Tutorial
Defining experiments
The central concept in pystematic is that of an Experiment. An experiment consists of:
A main function that executes the code associated with the experiment,
a set of parameters, that controls aspects of the experiments behavior.
To define an experiment you simply decorate the main function of
your experiment with the pystematic.experiment()
decorator:
import pystematic
@pystematic.experiment
def my_experiment(params):
print("Hello from my_experiment")
The main function must take a single argument which is a dict containing the experiment parameters.
Running experiments
To run the experiment you have a couple of different options. The simplest one
is to run the experiment by with the pystematic.core.Experiment.run()
method:
my_experiment.run({})
it takes a single argument which is a dict of parameter values, as we haven’t defined any parameters yet, we’ll pass an empty dict for now.
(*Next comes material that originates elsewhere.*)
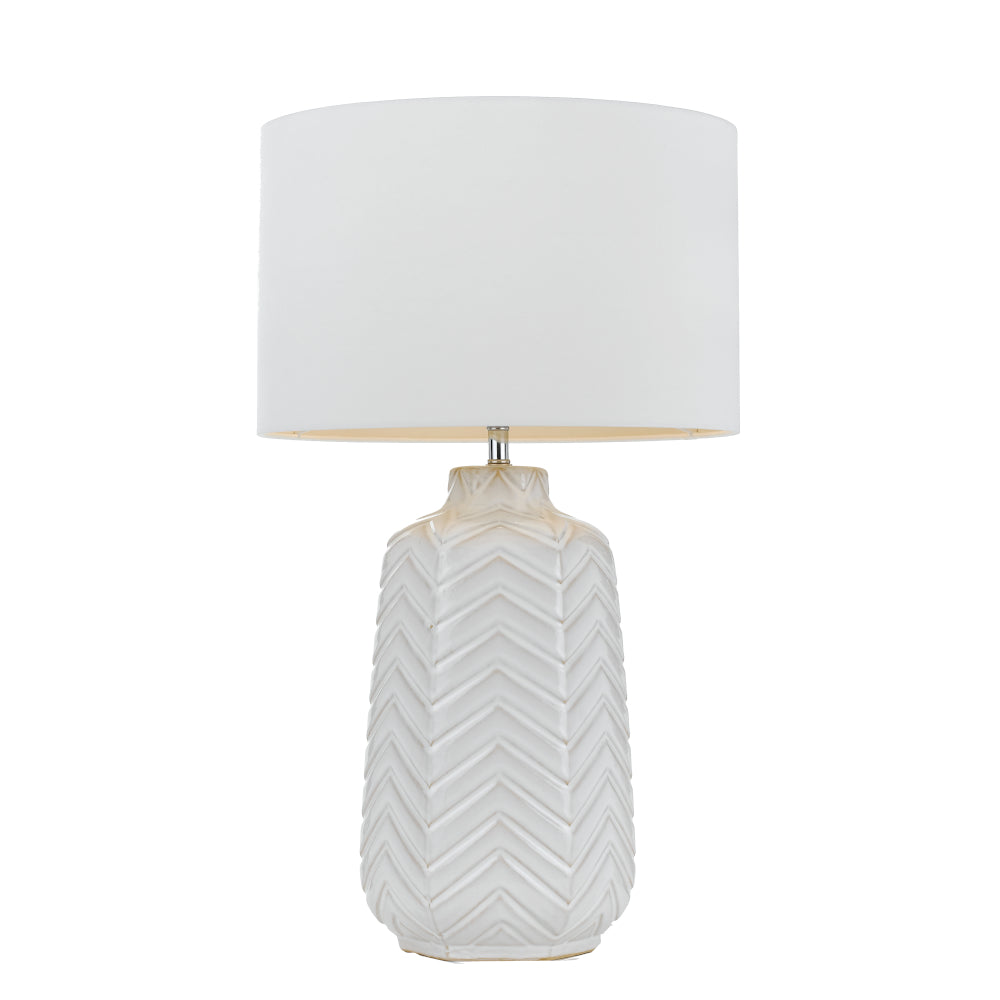 ESMO TABLE LAMP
Another option is to run the experiment from the command line. To do that, we
call the pystematic.core.Experiment.cli()
method:
if __name__ == "__main__":
my_experiment.cli()
The file now has the capabilities of a full-fledged CLI. When you run the file from the command line:
$ python path/to/file.py
Hello from my_experiment
you will see that the experiment is run.
Note
At most one experiment can be active at a time. This mean that if you want to
run an experiment from within another experiment, you need to start the new
experiment in a new process, which can be done with the method
pystematic.core.Experiment.run_in_new_process()
.
Adding parameters
Every experiment has a set of parameters associated with it. If you run:
$ python path/to/file.py -h
you will see that the experiment we defined earlier is already equipped with a
set of default parameters. To add additional
parameters to the experiment, you use the pystematic.parameter()
decorator:
import pystematic
@pystematic.parameter(
name="string_to_print",
type=str,
help="This string will be printed when the experiment is run",
default="No string was given",
)
@pystematic.experiment
def my_experiment(params):
print(f"string_to_print is {params['string_to_print']}")
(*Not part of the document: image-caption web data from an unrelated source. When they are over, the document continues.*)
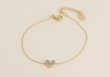 Bracelet Yesenia - Mint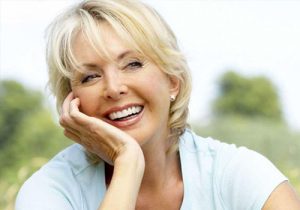Bioidentical Hormones | Clark Hansen, NMD: Naturopathic Doctor Scottsdale, AZ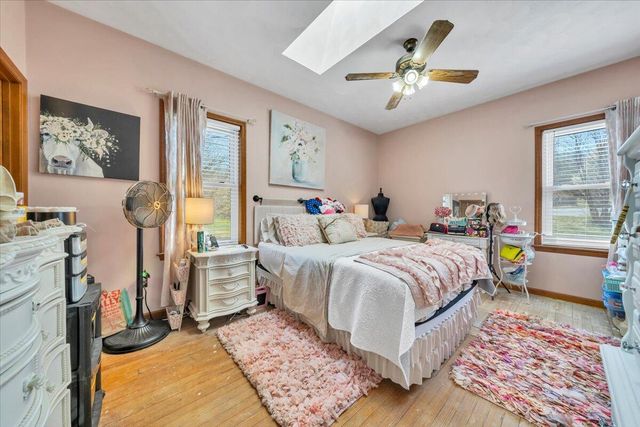 841 Bedford RD, Vinton, VA 24179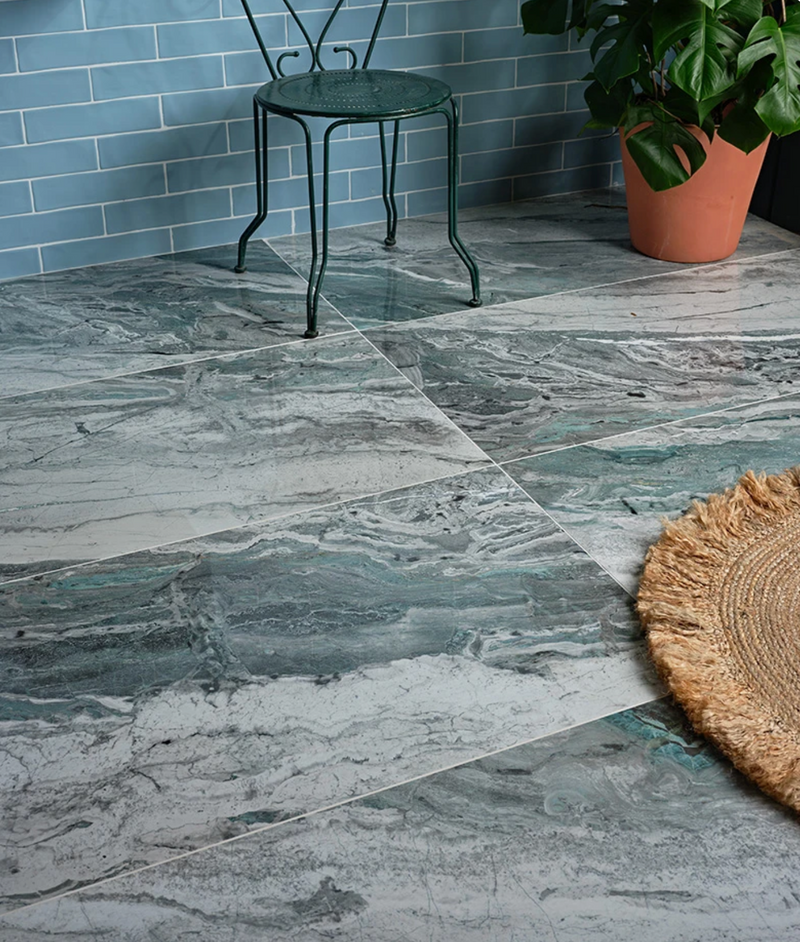 Ca Pietra Magnifique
The code above adds a string parameter named string_to_print
with a default
value, and a description of the parameter. When we run the experiment - either
programmatically or from the command line - we can set a value for the
parameter.
Experiment API
Pystematic provides a set of functions designated for the currently running experiment, referred to as the Experiment API. The API consists of a set of functions and attributed that provides functionality such as launching sub-processes and generating reproducible random seeds. Any installed extension also extends the experiment api with its own set of functions.
A note on naming conventions
At this point it is probably a good idea to mention something about the naming conventions used.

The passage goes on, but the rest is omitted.